Putting yourself out there.
I’m a comedian, but nothing scares me more than an open mic comedy night. For those of you who haven’t been to an open mic before, let me set the scene for you. Picture twenty ambitious, sweaty performers fighting for their life (for five minutes at a time) to make a room of four people laugh at their Tinder joke.
My first open mic night was, to put it lightly, a shit show. Don’t be mistaken, I was perfection; a vision in leather overalls with a $50 electric keyboard. What turned my night from great to one of the most scarring nights of my comedic life was the headliner. I’m not going to tell you his name, mainly because I can’t remember who he was. This dude was just as fresh as all of us, but he walked onstage with the bravado and confidence of someone who had just snorted the ashes of the true cross.
The headliner got to the mic and delivered ten minutes of his best wife beating material. I say his best because I assume that there’s plenty more where that came from. And did the audience turn on him? Did the audience even look mildly bemused? NUP. They were living for this. Every time he mimed hitting another fictional woman, the crowd bloody loved it.
I decided that these nights weren’t for people like me. From that experience, I became closed off after gigs and was deeply sceptical of forming friendships with other comics out of fear they thought this would be funny.

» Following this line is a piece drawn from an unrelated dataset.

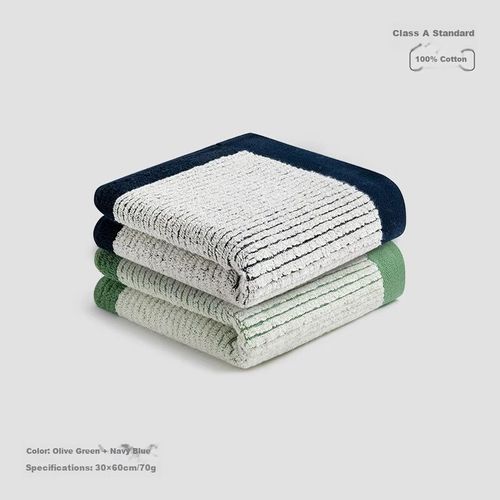 Toalla de baño 30x60cm 2pzas verde y azul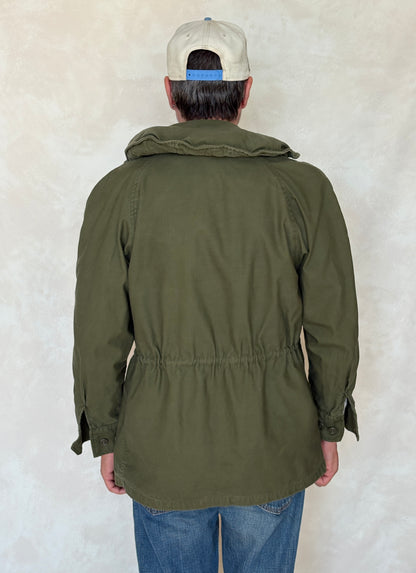 Vintage US Army OG-107 Field Jacket – Small Regular (1960s)-AJ357 Studio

And before you say “hey Alice, comedians are progressive, lovely people who don’t do things like that” let me say that most are, yes. But #notallcomedians. If you want further proof, go to www.google.com and type ‘Ricky Gervais fat jokes’. Thank you.

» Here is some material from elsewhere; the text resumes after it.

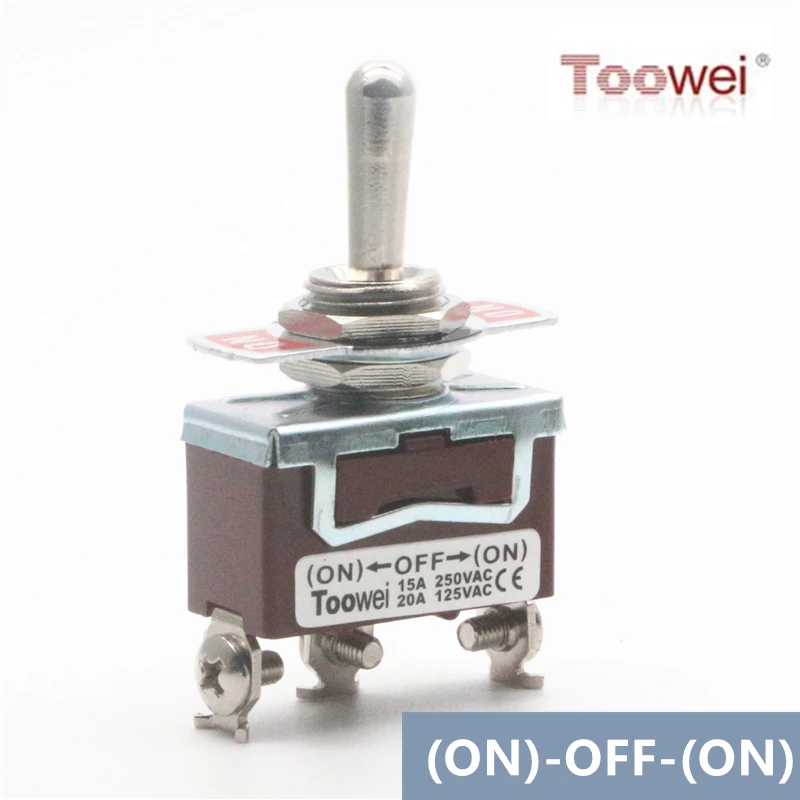 Toowei T701MW 3 контакта кратковременный переключатель (вкл.) ВЫКЛ. 15A 250 В/20A 125 В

I want to take more. I’ve been watering my garden for far too long, seesol and all, and now it’s time for me to go out there and assert myself in some more space. I want to tell jokes in a room full of people and have a beer with my colleagues after it.
Why can’t I? It’s all easier said than done. Putting yourself out there means facing potential rejections and maybe, possibly, perhaps, people not liking you. I can’t deal with people not liking me. I’m delightful, RIGHT?
I’ve never had a good record with putting myself out there. I feel that myself, and a lot of other women and people with a lived female experience, are hard wired for rejection. We assume the no before we hear it. We’ve put our stuff back in our handbags before the job interview is over and asked if anyone has anything for the dishwasher on the way out.
In high school, I wasn’t particularly cool or uncool, but I had an outsider complex so severe that you would have thought that I was the kid sister of Bender in The Breakfast Club. I thought that the level of rejection that I received was abnormal. I mean other people were on keto diets for formals, while I was sat alone with my jumbo slurpee.
No regrets. Bring your own cup day at 7 Eleven was my Woodstock.
I let rejection stop me from trying to become an active part of the conversation. I was rejected by people that I didn’t even like. Why would that bother me? I once “dated” a guy (I use quotation marks, because I thought we were dating while he was in Europe for three months. He had other plans. Oh well, when in Rome. And Paris. And Berlin…). I have dated many other people, because I’m desirable, but I remember this guy. His friends were thrilled that he was interested in me, because this guy usually dates “Disney Princess types”, and I was more like Princess Fiona. From Shrek.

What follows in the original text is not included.